Set down the whole listing below exactly. The pictures stay out.
______
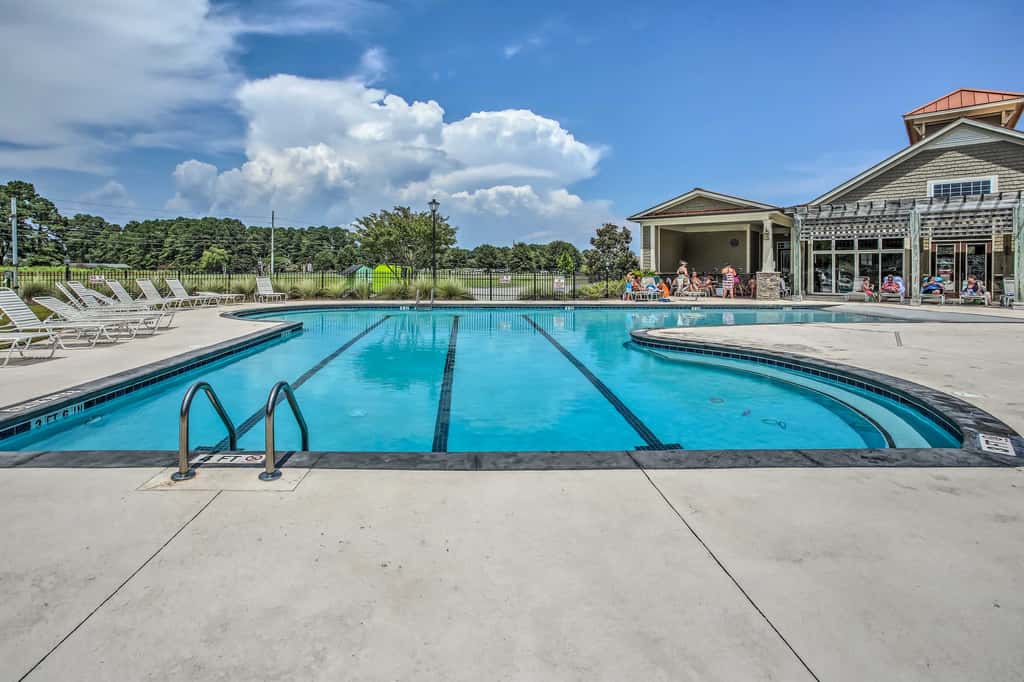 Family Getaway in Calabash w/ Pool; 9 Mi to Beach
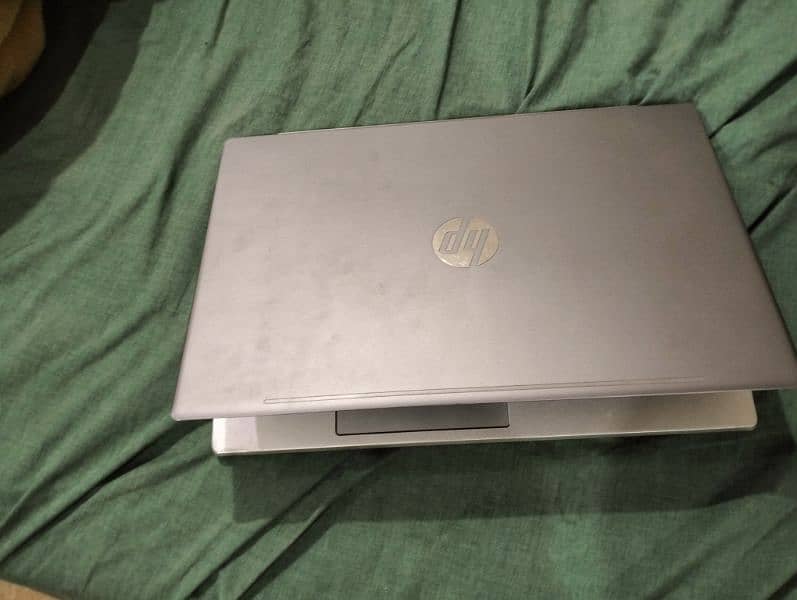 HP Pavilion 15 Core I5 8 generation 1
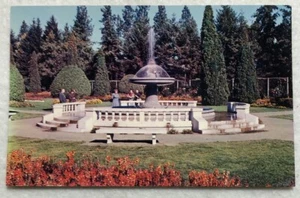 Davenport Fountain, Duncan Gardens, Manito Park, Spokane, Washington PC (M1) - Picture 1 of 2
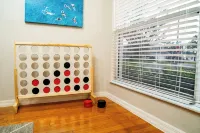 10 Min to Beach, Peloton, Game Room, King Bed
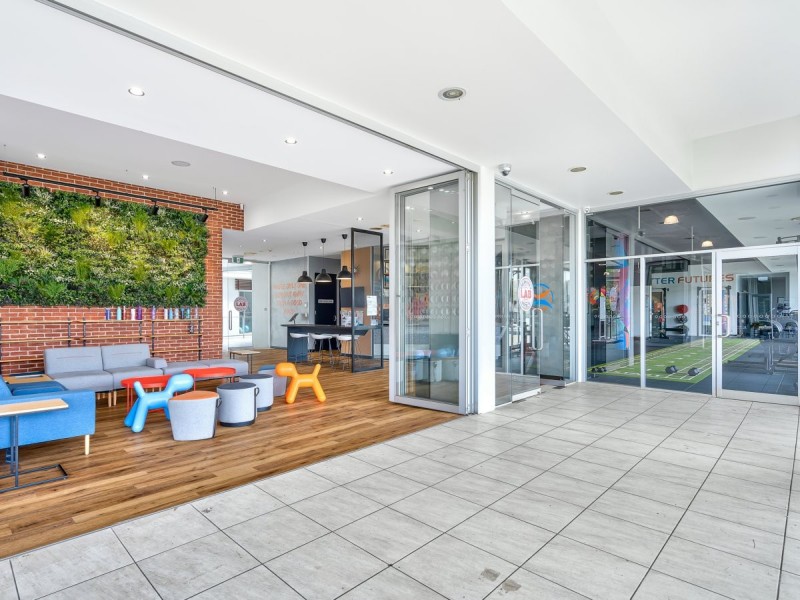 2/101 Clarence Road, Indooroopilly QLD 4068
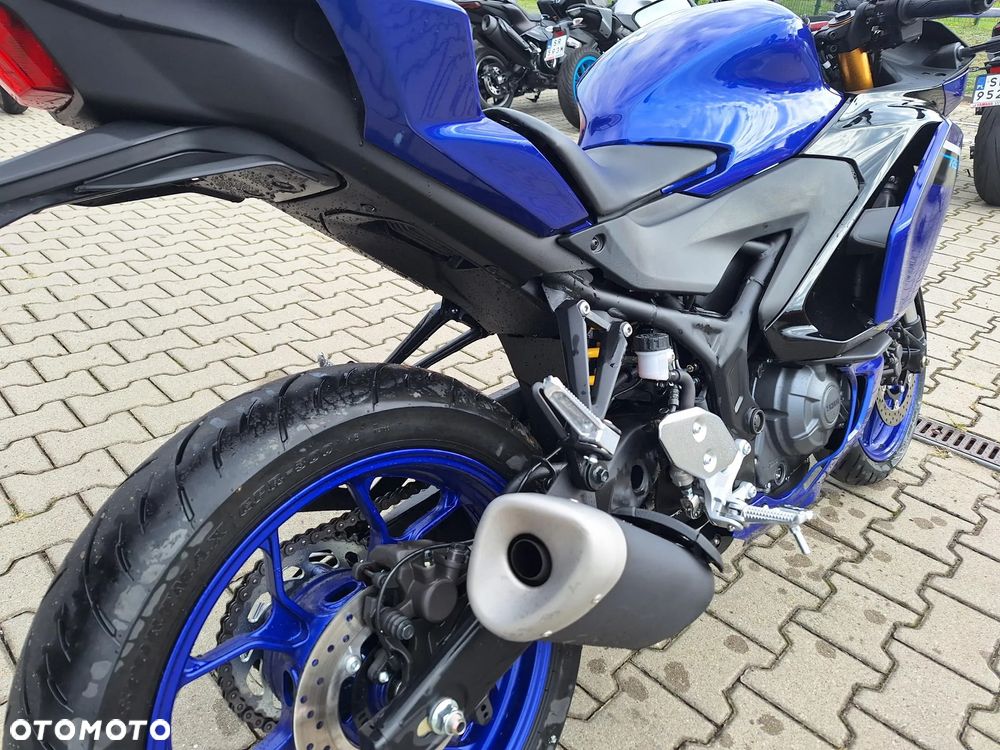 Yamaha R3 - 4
______
#### Output of the task:
 Family Getaway in Calabash w/ Pool; 9 Mi to Beach
 HP Pavilion 15 Core I5 8 generation 1
 Davenport Fountain, Duncan Gardens, Manito Park, Spokane, Washington PC (M1) - Picture 1 of 2
 10 Min to Beach, Peloton, Game Room, King Bed
 2/101 Clarence Road, Indooroopilly QLD 4068
 Yamaha R3 - 4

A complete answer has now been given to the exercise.